Skull fossil provides gander at giant prehistoric goose

Savannah Meacham |

Mega bird Genyornis newtoni roamed along rivers or lakes while eating soft plants and fruit.
Mega bird Genyornis newtoni roamed along rivers or lakes while eating soft plants and fruit.

Imagine a 230kg, two-metre tall goose.

It sounds like the stuff of nightmares. Or a poultry chef’s dream.

Australian scientists believe that is close to what a mega bird that roamed the country in prehistoric times looked like.

Researchers have been able to provide the first glimpse of the “giga-goose” – Genyornis newtoni – thanks to the discovery of a megafauna skull in remote South Australia.

“It was like an emu, probably the same height but about five or six times heavier. It was a much bulkier bird,” study co-author Trevor Worthy of Flinders University told AAP.

The skull of Genyornis newtoni
The skull was discovered in a salt bed in South Australia. (Supplied Flinders University/AAP PHOTOS)

An intact fossil of the mammoth bird’s skull was discovered in the remote dry South Australian salt bed of Lake Callabonna several years ago, changing the way researchers perceived it.

Previously, only a damaged skull had been found in 1913, but did not provide enough bone to re-imagine the “ancient thunderbird”.

“With this new skull we have started to piece together the puzzle which shows, simply put, this species to be a giant goose,” lead author Phoebe McInerney said.

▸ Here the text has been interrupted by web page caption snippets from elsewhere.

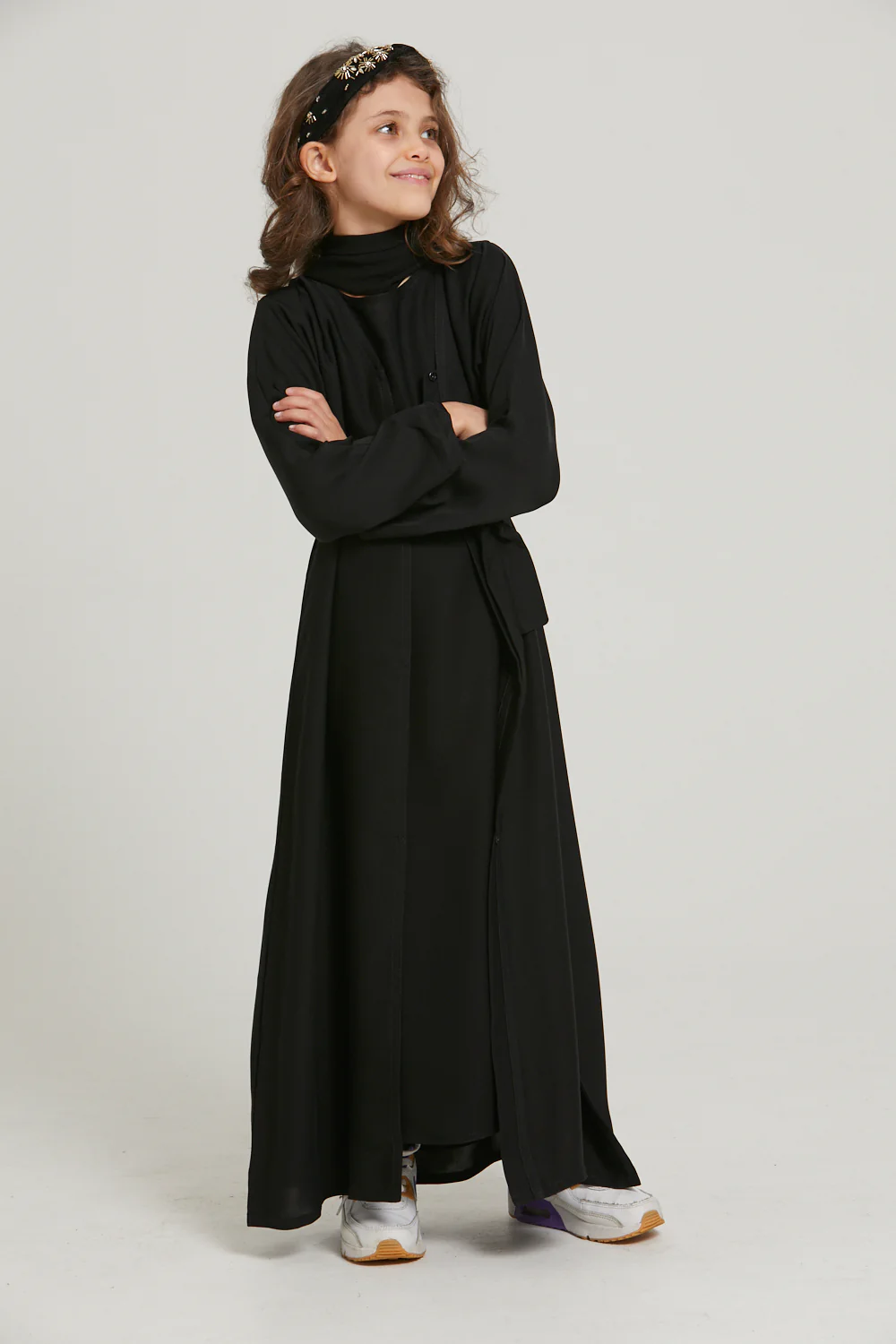 Junior Girls Open Abaya - Black - Image 4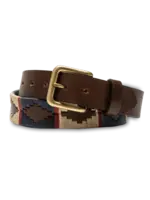 Duck Head Duck Head No. D81123 Navy Woven Leather Polo Belt
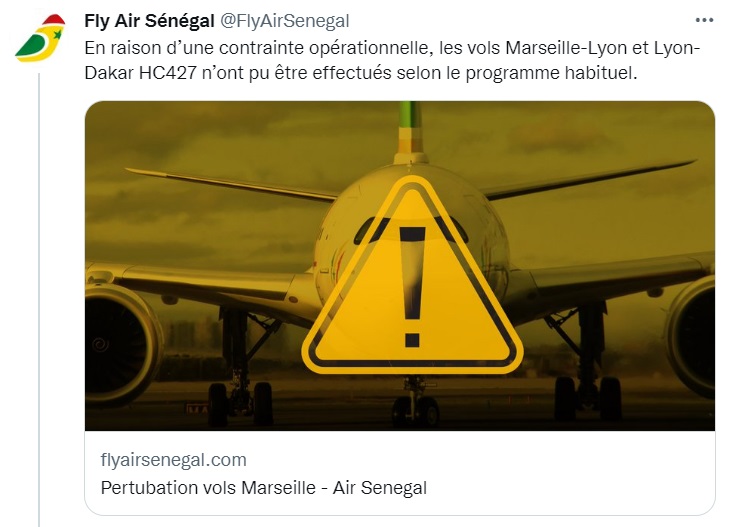 Problèmes opérationnels sur le vol Lyon-Dakar de la compagnie Air Sénégal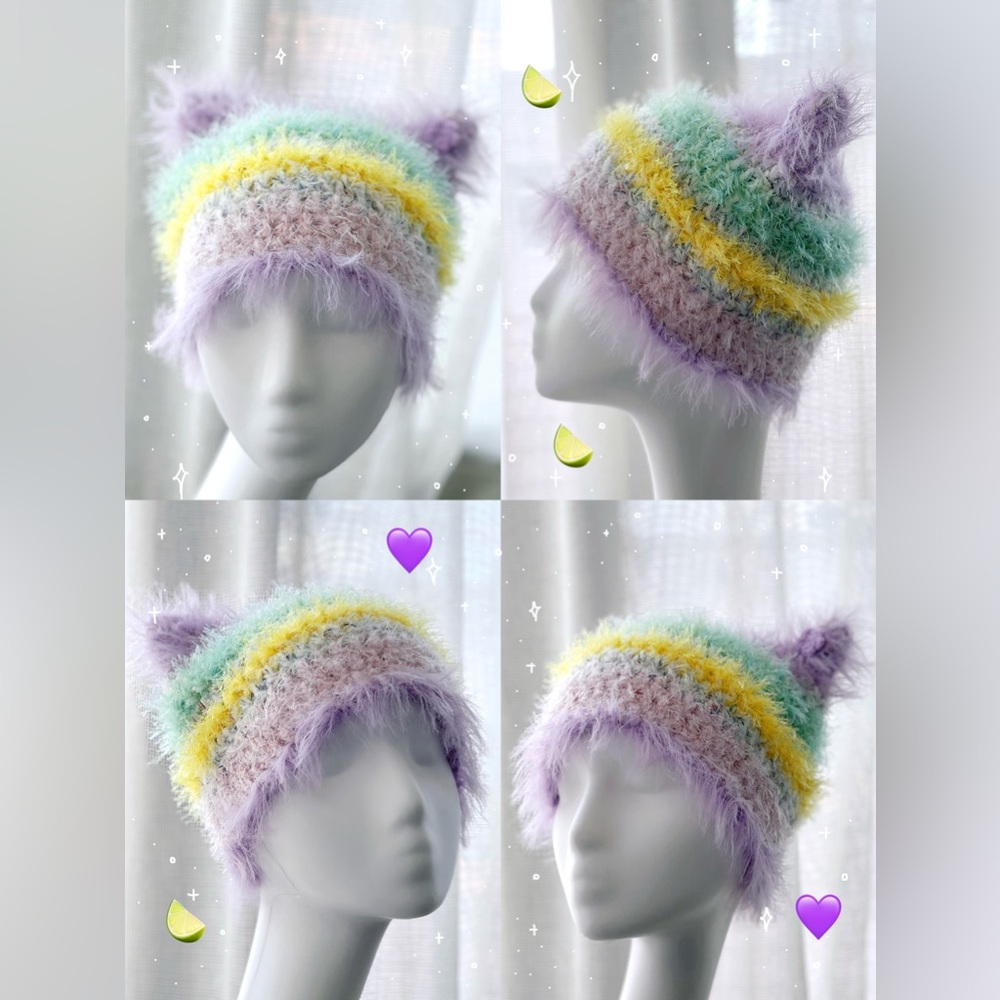 Handmade Colorful Fuzzy Crochet Cat Eat Hat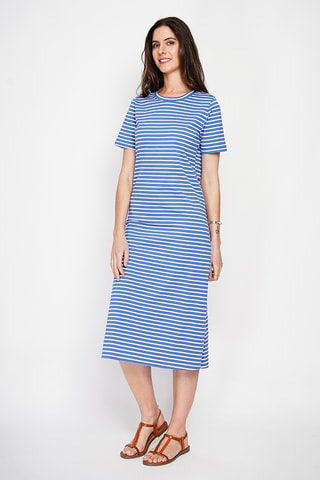 Vestido midi de lino - Azul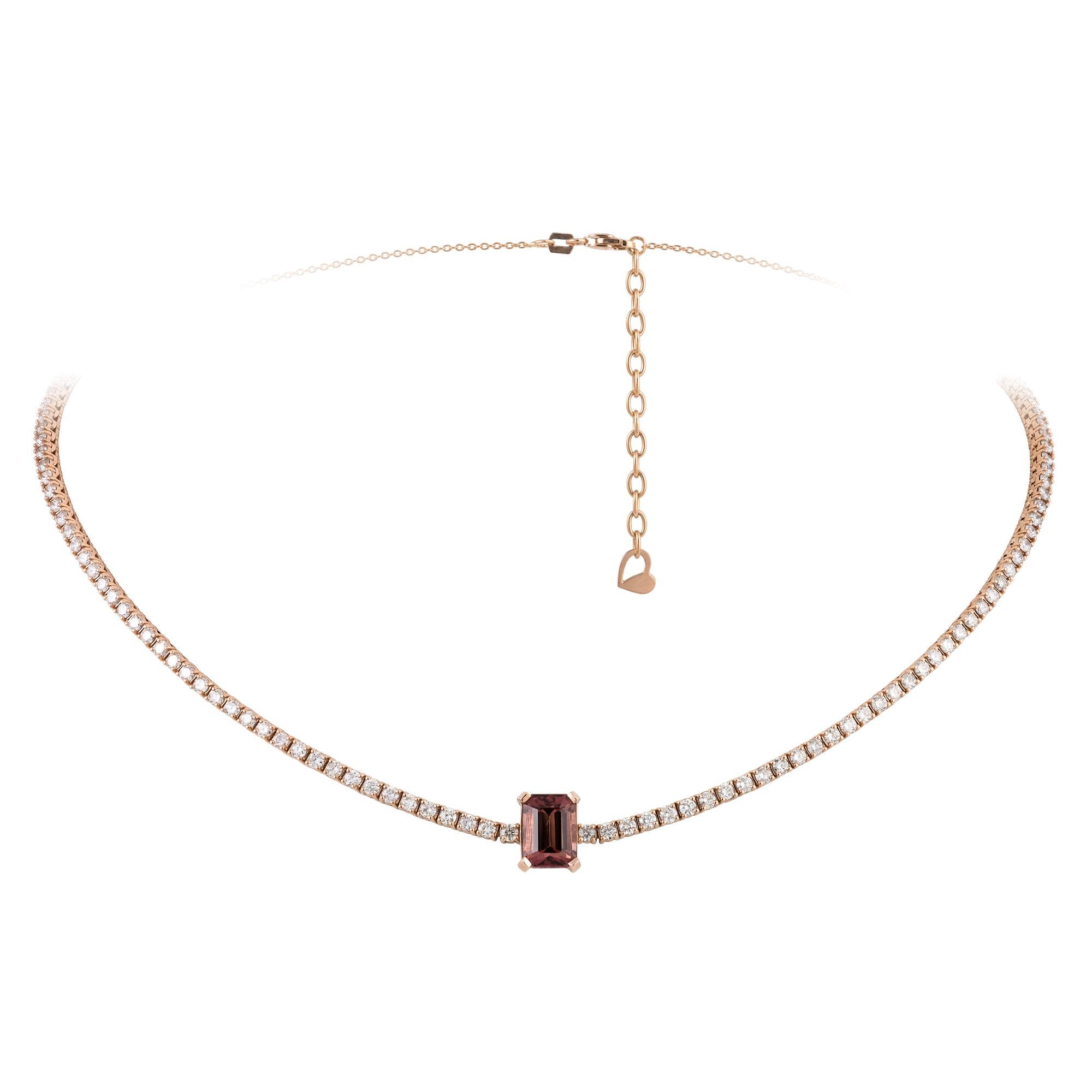 NECKLACE 18K Pink Gold Diamond 2.74 Cts/84 Pcs PT 1.82 Cts/1 Pcs
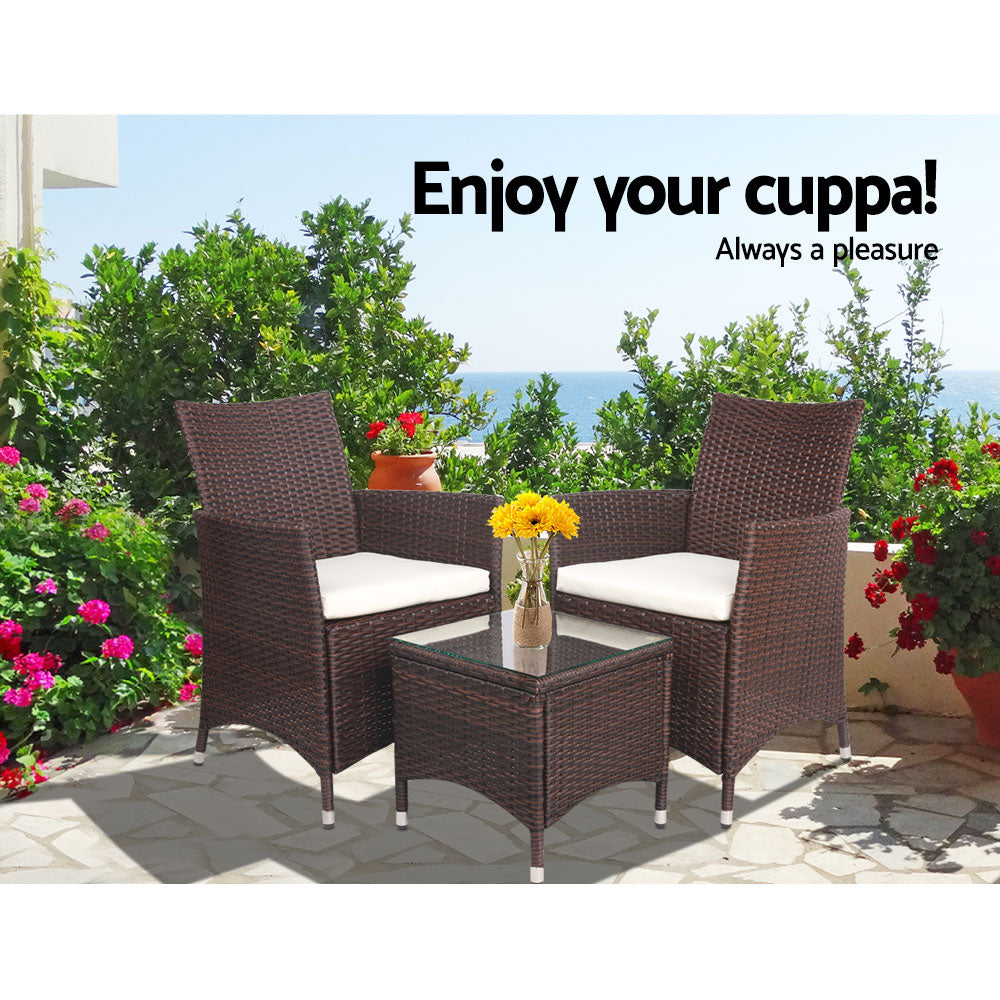 Marlook 3PC Outdoor Bistro Set Patio Furniture Wicker Setting Chairs Table Cushion Brown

The massive bird would not have run very fast, but lived along rivers or lakes while eating soft plants and fruit with its strong beak.

“It would have needed a lot being a big bird. It would have had to gobble up a lot of soft plants,” Dr Worthy said.

It had unusual adaptations for the aquatic habitat like being able to protect its ears and throat from ingesting water while submerged.

However, these adaptations may have led to its extinction about 45,000 years ago as freshwater bodies in northern South Australia are now primarily salt lakes.

Waterfowl species such as the Australian magpie goose or the South American screamers likely diverged from the original big bird.

Flinders University palaeontologist Phoebe McInerney (file image)
Phoebe McInerney says the skull fossil shows Genyornis newtoni was a giant goose. (HANDOUT/FLINDERS UNIVERSITY)

The discovery was a surprise for researchers as most of the family line acquired a different shaped beak.

“Relatives have a different shaped head with a high beak, but this one is much lower and rounder and more like your standard goose except the head is 250mm long,” Dr Worthy said.

“It is totally unique … it is the last of a family that went extinct in Australia.”

Researchers are planning to head back to the salt plains to see what else strong winds have uncovered to help form a more complete picture of the bird.

“You never know what the weather has exposed because it’s the wind and occasional flood that expose the fossils – it’s just serendipity to what you actually might find,” Dr Worthy said.

The research was published in the Historical Biology journal.